Quoting from a stackoverflow reply:

int j = i++; // j will contain i, i will be incremented.
int j = ++i; // i will be incremented, and j will contain i+1.

Which perfectly makes sense when the definition of post/pre increment is considered. Many times when comparing the performance of pre/post increment it is said that post increment needs to make a copy, increment it and return the copy while pre-increment just increases value and does not create a copy.

Although performance has been compared in tens of posts, I really could not find any explanation on why a copy has to be made in the case of post-increment. Why doesn't it return the old value and then increments the value of the variable by one(or however way operator is overloaded), rather than creating a new object and return that one.

Giuditta answered 19/6, 2015 at 15:31 Comment(5)
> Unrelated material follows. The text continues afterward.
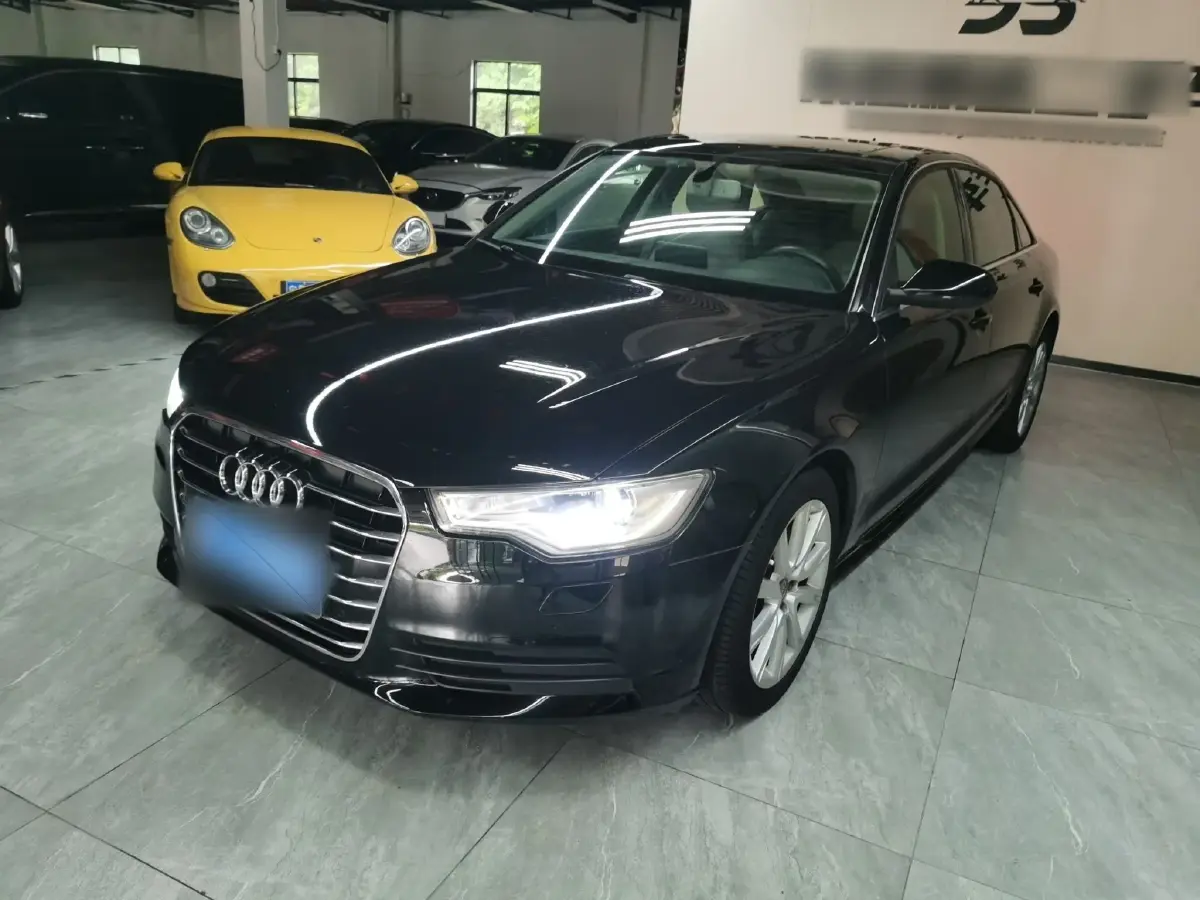 2014 Audi A6L 2.0T 180HP L4 CVT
Because post-increment must keep previous value in a temporary so to return it afterwards. – Paraphernalia 19/6, 2015 at 15:33

Why doesn't it return the old value and then increments the value of the variable by one How do you increment the value if you already returned from the function? – Cornetcy 19/6, 2015 at 15:34

@RaphaelMiedl thanks raphael, that was exactly the point I was missing. I knew it was something very trivial :) – Giuditta 19/6, 2015 at 15:37

possible duplicate of Is there a performance difference between i++ and ++i in C++? – Paraphernalia 19/6, 2015 at 15:37

The example is somewhat bad since the compiler can (and almost certainly will) trivially transform the first variant into int j = i; ++i, so there is really no temporary (still the compiler complies perfectly with the as-if rule). But there are cases when it's not that easy, especially on types with non-trivial constructors, or think of barriers/memory model which may disallow such a liberal instruction reordering. – Fadein 19/6, 2015 at 16:38

The difference is someval++ returns what someval is before the increment and to do that you need remember what someval is with a copy. How else would you return the original value while updating it if the original value wasn't stored somewhere?
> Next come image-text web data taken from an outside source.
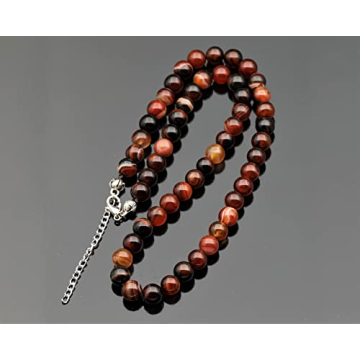 Elegant Natural Carnelian Agate Choker Necklace for All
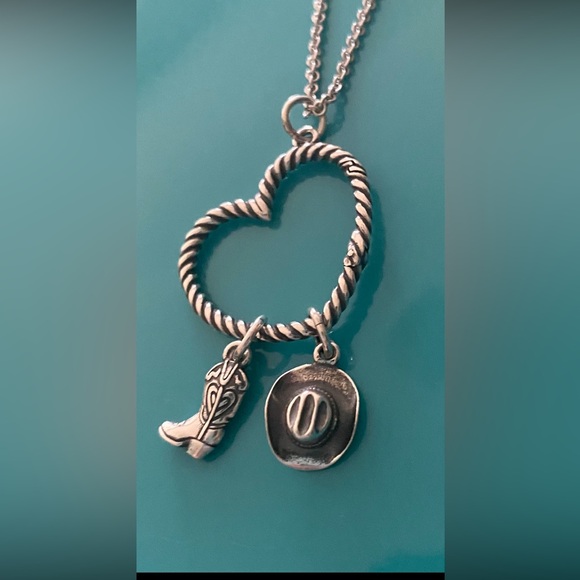 Yeehaw! Cowboy hat mini charm NEW James Avery - Picture 8 of 9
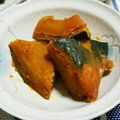 pnyo's cooksnap of when they made カボチャの煮物〜砂糖なし.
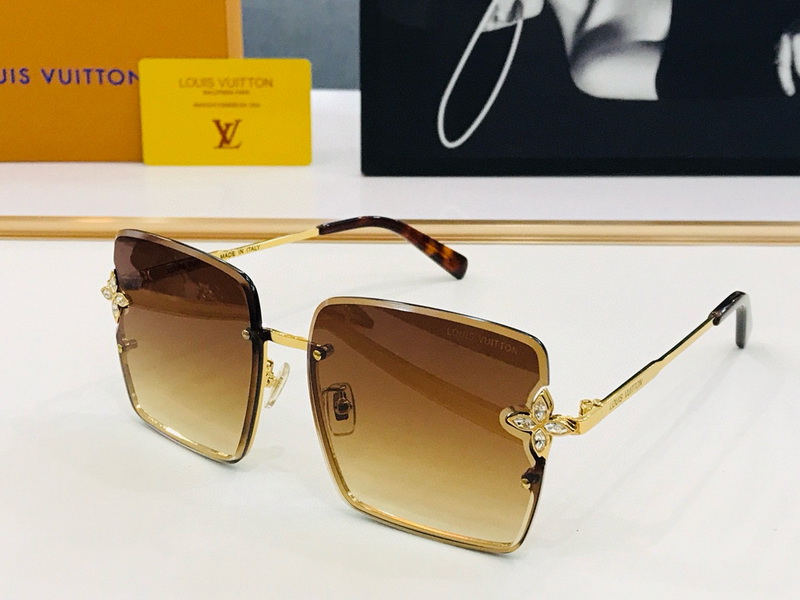 LV Sunglasses(AAAA)-1764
Heparin answered 19/6, 2015 at 15:33 Comment(0)

Consider pre-incrementation and post-incrementation operators as standard functions:

// ++i
int pre_increment(int &i) {
    i = i + 1;
    return i;
}

// i++
int post_increment(int &i) {
    int original_i = i;
    i = i + 1;
    return original_i;
}

This should help you to understand why in the second case (i++), you MUST perform a copy of the value before doing the incrementation.
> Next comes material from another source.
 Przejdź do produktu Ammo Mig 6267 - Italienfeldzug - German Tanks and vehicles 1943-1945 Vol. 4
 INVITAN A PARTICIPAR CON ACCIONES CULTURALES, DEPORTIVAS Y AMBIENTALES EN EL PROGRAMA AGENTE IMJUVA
Witchy answered 19/6, 2015 at 15:39 Comment(0)

It's hard for me to say how compilers can optimize the pre-increment and post-increment operators so that a copy is not necessarily made on primitive types.

I can show how a copy needs to be made for user defined types for the post-increment operators.

Lets' take a simplistic look at std::vector::iterator.

Let's say the iterator stores an index, in addition to the other things.

struct iterator
{
   size_t index;

   iterator operator++(int )
   {
      iterator copy = *this;
      this->index++;
      return copy;
   }
 };

In such a case, it is not possible to return *this first and then increment the index. Creating a copy, incrementing the index of this, and then returning the copy allows us to preserve the semantics of that operation.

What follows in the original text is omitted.